**INSTRUCTIONS FOR THE TASK:** Keep only the lines from the start of the data through the line containing "Participants compete in", and output them exactly.

[Items from a dataset]
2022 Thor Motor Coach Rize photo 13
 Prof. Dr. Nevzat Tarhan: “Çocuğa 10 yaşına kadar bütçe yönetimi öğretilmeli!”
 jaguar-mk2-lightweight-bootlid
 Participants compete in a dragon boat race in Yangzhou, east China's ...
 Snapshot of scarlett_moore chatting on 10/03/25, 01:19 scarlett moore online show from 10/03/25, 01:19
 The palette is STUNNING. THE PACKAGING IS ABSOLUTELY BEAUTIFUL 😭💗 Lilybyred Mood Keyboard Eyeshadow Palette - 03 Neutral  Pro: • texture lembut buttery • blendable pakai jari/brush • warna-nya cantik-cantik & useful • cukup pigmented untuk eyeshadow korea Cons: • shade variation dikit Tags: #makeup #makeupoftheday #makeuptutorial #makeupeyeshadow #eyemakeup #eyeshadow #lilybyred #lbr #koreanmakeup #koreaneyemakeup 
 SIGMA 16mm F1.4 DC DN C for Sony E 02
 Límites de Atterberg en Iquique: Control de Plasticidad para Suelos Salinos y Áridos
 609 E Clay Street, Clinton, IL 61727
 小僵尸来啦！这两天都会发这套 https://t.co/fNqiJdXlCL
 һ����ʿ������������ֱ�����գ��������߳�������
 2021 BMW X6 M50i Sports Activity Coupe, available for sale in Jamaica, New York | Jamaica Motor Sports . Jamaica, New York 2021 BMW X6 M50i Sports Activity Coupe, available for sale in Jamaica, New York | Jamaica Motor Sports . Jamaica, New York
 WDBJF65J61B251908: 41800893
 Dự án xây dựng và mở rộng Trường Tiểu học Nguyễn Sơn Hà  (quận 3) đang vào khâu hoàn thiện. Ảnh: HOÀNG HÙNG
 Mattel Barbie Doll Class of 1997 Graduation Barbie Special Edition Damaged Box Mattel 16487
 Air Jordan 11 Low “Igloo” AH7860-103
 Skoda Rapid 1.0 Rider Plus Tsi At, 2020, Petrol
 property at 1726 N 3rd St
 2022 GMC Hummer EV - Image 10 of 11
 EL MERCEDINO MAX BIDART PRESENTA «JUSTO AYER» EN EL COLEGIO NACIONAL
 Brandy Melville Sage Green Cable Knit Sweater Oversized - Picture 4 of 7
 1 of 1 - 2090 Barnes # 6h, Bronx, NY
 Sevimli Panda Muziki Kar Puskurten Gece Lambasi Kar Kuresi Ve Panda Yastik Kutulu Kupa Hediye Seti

**TASK ANSWER:**
2022 Thor Motor Coach Rize photo 13
 Prof. Dr. Nevzat Tarhan: “Çocuğa 10 yaşına kadar bütçe yönetimi öğretilmeli!”
 jaguar-mk2-lightweight-bootlid
 Participants compete in a dragon boat race in Yangzhou, east China's ...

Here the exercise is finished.